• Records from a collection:
——
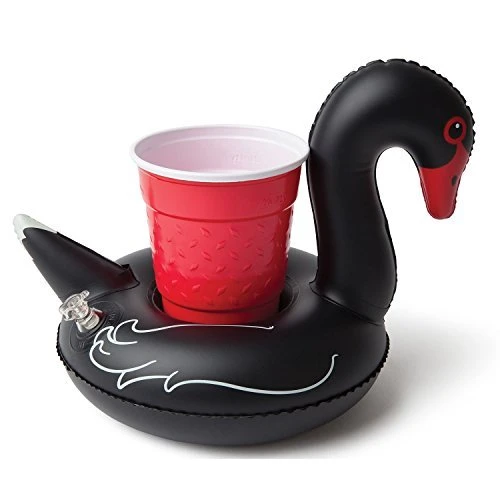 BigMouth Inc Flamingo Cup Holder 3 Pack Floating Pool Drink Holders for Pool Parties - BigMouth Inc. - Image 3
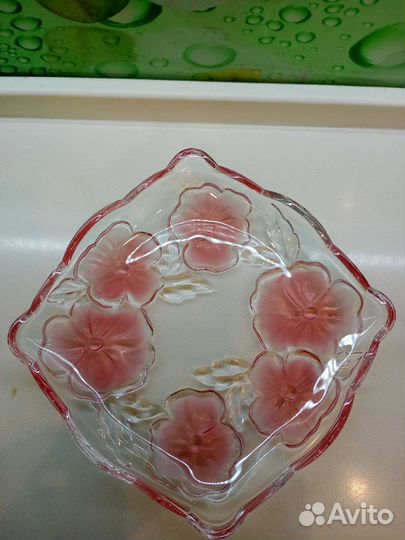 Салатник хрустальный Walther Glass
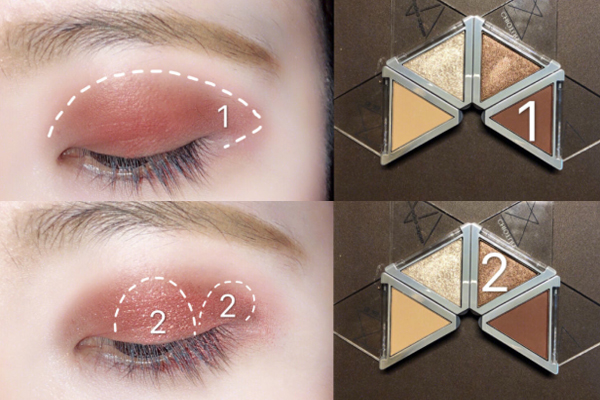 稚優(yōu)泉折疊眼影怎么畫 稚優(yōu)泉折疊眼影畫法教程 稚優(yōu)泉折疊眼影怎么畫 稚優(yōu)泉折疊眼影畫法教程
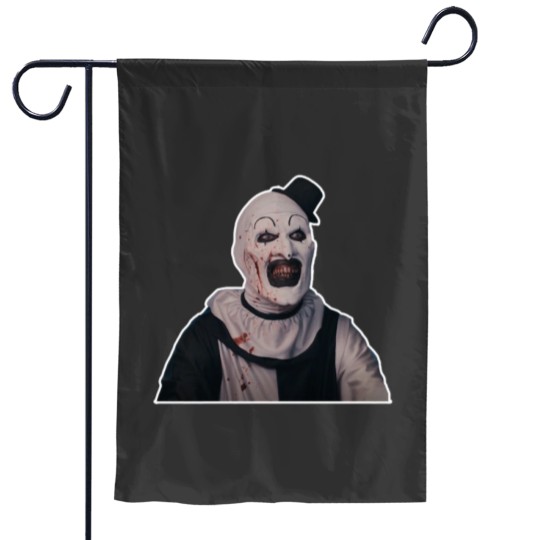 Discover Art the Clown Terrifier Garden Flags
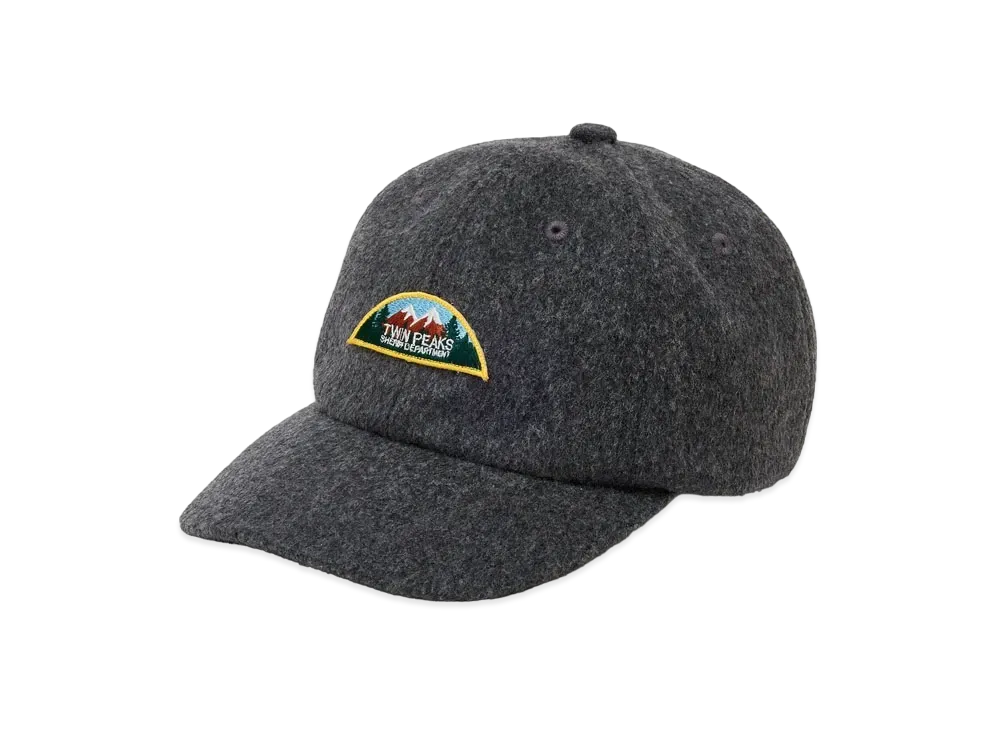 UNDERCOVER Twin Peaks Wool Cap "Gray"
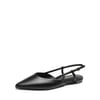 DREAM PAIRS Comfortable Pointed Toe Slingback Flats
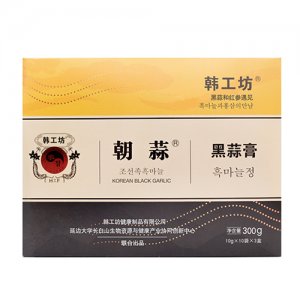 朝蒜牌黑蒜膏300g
——
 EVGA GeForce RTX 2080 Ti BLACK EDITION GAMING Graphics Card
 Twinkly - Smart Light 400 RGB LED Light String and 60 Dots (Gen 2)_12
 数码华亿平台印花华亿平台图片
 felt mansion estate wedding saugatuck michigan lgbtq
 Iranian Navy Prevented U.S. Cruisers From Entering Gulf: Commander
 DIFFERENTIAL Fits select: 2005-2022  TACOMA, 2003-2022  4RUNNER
——
• Task goal:
Reproduce, word for word and in full, only the lines above that start at the line with "数码华亿平台印花华亿平台图片" and run through the line with "DIFFERENTIAL Fits select: 2005-2022", both ends included.

• Response area:
 数码华亿平台印花华亿平台图片
 felt mansion estate wedding saugatuck michigan lgbtq
 Iranian Navy Prevented U.S. Cruisers From Entering Gulf: Commander
 DIFFERENTIAL Fits select: 2005-2022  TACOMA, 2003-2022  4RUNNER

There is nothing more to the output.